Au milieu, Pierre Ducrocq est évidemment à la récupération. Le jeune Parisien, formé au club, fait alors sa meilleure saison, malgré une mise à l’écart temporaire d’Artur Jorge au mois de février. Ses performances sont tellement bonnes qu’il est suivi de près par la Juventus Turin. Il est épaulé au milieu par Igor Yanovski et Jimmy Algerino, deux latéraux repositionnés pour densifier l’entre-jeu. Le poste de numéro 10 est dévoué au capitaine Marco Simone. Enfin, l’attaque est composée de Mickaël Madar, recrue du mercato hivernal qui a énormément apporté par son jeu de tête et sa motivation, et Adaïlton, jeune Brésilien prêté par Parme qui vient de marquer son premier but à Rennes.
Les Parisiens jouent bien, mais rien n’y fait
D’emblée, Paris se montre très offensif. Les Rouge et Bleu monopolisent le ballon, les attaquants sont très remuants, Ducrocq et Simone se montrent redoutables dans leurs ouvertures. Peu après le quart d’heure de jeu, un tacle musclé de Simone sur Pirès entraîne le premier temps mort de la rencontre. Florian Maurice, très loin de l’action, réalise un sprint pour réprimander son ancien coéquipier. Après une échauffourée, Simone s’en sort avec un carton jaune. Le jeu est ensuite un peu plus haché, les Parisiens deviennent nerveux, et sur leur première occasion, les Marseillais ouvrent le score : sur un long ballon, Carotti peine à dégager le ballon de la tête, et remet en retrait comme il peut. Sa passe est trop courte et Florian Maurice en profite pour aller tromper Lama du gauche (0-1, 21e). Il jubile : il marque au Parc des Princes, chose qu’il était incapable de faire lorsqu’il évoluait avec le maillot parisien. Marseille profite donc de la maladresse parisienne, et le pauvre Bruno Carotti est raillé. Une semaine plus tard, ce sera au tour de Laurent Blanc de faire la même erreur, mais en finale de coupe d’Europe, face à Parme.

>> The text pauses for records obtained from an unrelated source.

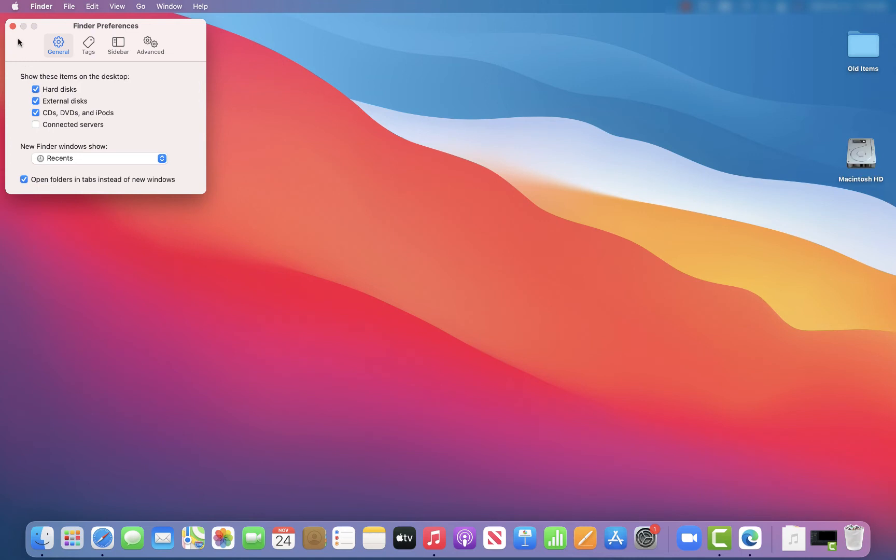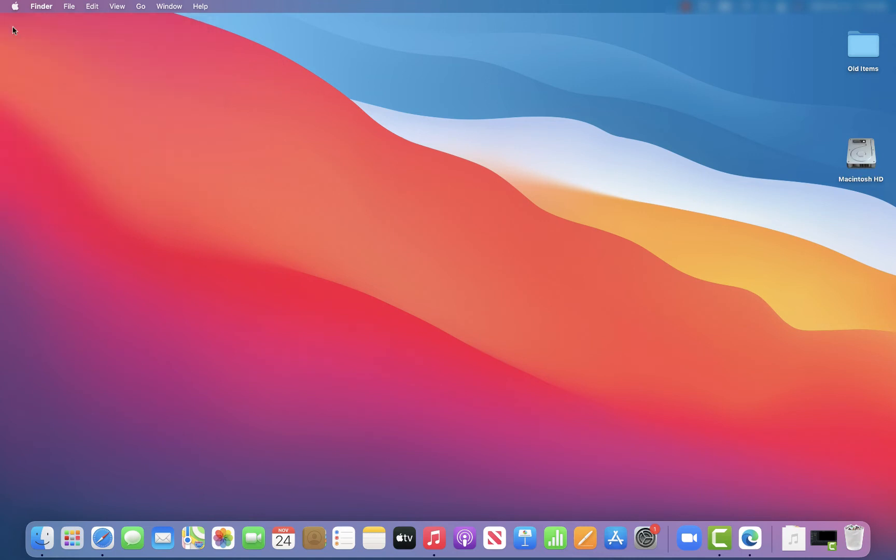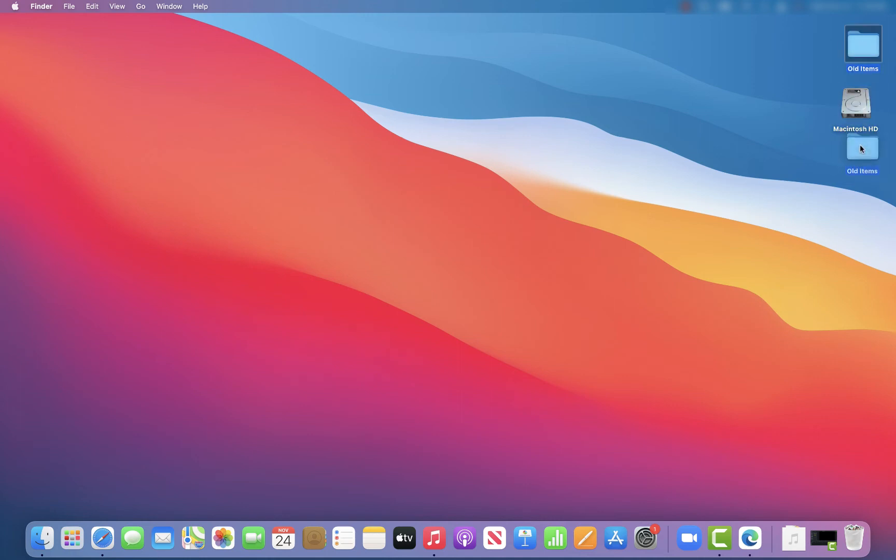And you'll notice all the way to the right, my hard drive is now here, which now will allow me to open that and give me an environment that's more familiar to me like it has in the past.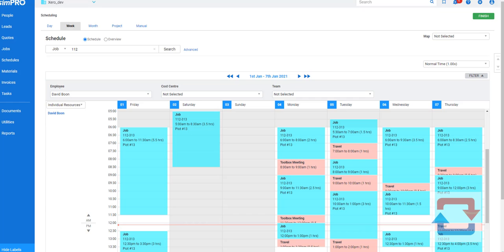Good day everyone, this is Hari from ThinkAZ and I'm going to give you an overview of how the Simpro to Xero payroll integration works. Here's the nuts and bolts of it.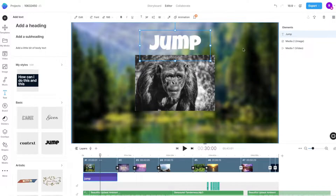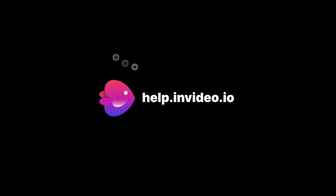If you want to learn more about making the most of InVideo or have any other questions, check out our page at help.invideo.io.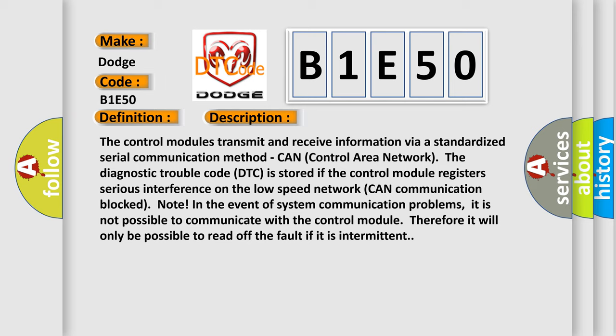Note: In the event of system communication problems, it is not possible to communicate with the control module, therefore it will only be possible to read off the fault if it is intermittent.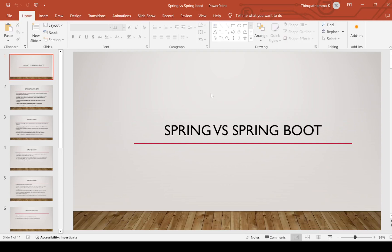Hi, welcome to Thiru Academy. Today we are going to discuss about differences between Spring and Spring Boot — Spring versus Spring Boot.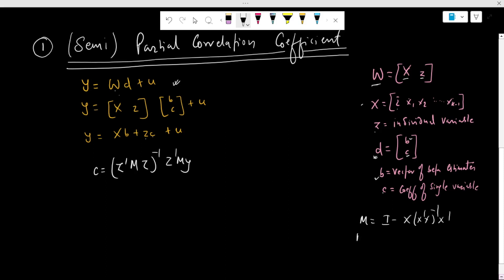Let us practice what MZ means. Here, we are trying to partial out the effect of X from Z — this is the residual when we run a regression of Z on X. Similarly, we are partialing out the effect of X from Y, so this is the residual of Y when we regress it on X.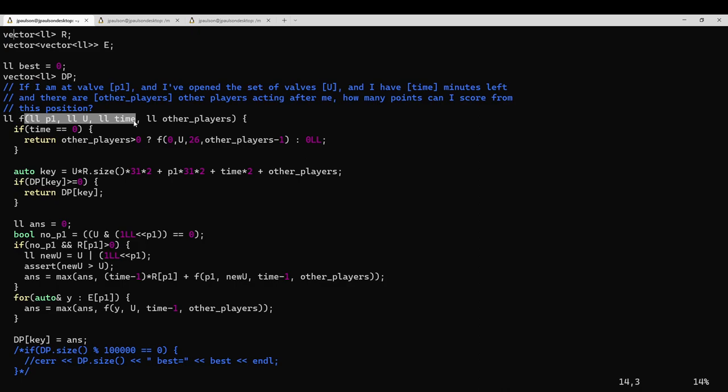So the situation is I'm at a position, and I have a set of open valves, and I have time minutes left. So if I walk from A to B to C, or from A to D to C, it doesn't really matter. I'm still at C in two minutes.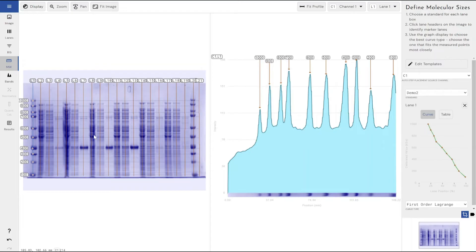That's why we have two different settings, two different parameters for both of those, and one of those you don't have the option to be able to change, which is the molecular weight ladder.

Après ce but marqué contre le cours du jeu, Paris est sonné. Les bonnes dispositions signalées se sont avérées inefficaces, et les Parisiens se montrent de plus en plus agressifs. Ils se créent toutefois un semblant d’occasion quand un centre de Yanovski aboutit sur le crâne de Madar. Le tir de la tête est contré par Gallas.
Dans le même temps, l’autre candidat au titre, le rival bordelais, joue à Lens. Au moment où Marseille mène, Bordeaux est en train de perdre deux buts à un. Ce qui fait que Marseille compte alors cinq points d’avance. Juste avant la mi-temps, Florian Maurice bénéficie d’un contre de Robert Pirès pour se procurer une autre occasion : une frappe enroulée à l’entrée de la surface qui passe largement au-dessus.
Lorsque la deuxième mi-temps reprend, les Parisiens sont survoltés. Sur une ouverture magistrale de Ducrocq, Adaïlton s’emmène le ballon de la poitrine et croise une frappe du gauche qui rase le poteau. Le jeune Brésilien s’était distingué en début de saison en critiquant vertement Nicolas Ouédec qui avait raté des occasions face à Lorient, ce n’est pas sur ce coup-là qu’il justifie ses attaques gratuites… Peu de temps après, un cafouillage dans la surface permet à Adaïlton de remettre de la tête pour Madar, qui reprend de volée du droit. C’est le poteau qui repousse, et le ballon passe entre Adaïlton et Yanovski, pourtant à l’affut. Enfin, toujours dans les dix minutes qui suivent la reprise, Simone centre pour Madar qui marque de la tête… mais le but est refusé pour un hors-jeu injustifié.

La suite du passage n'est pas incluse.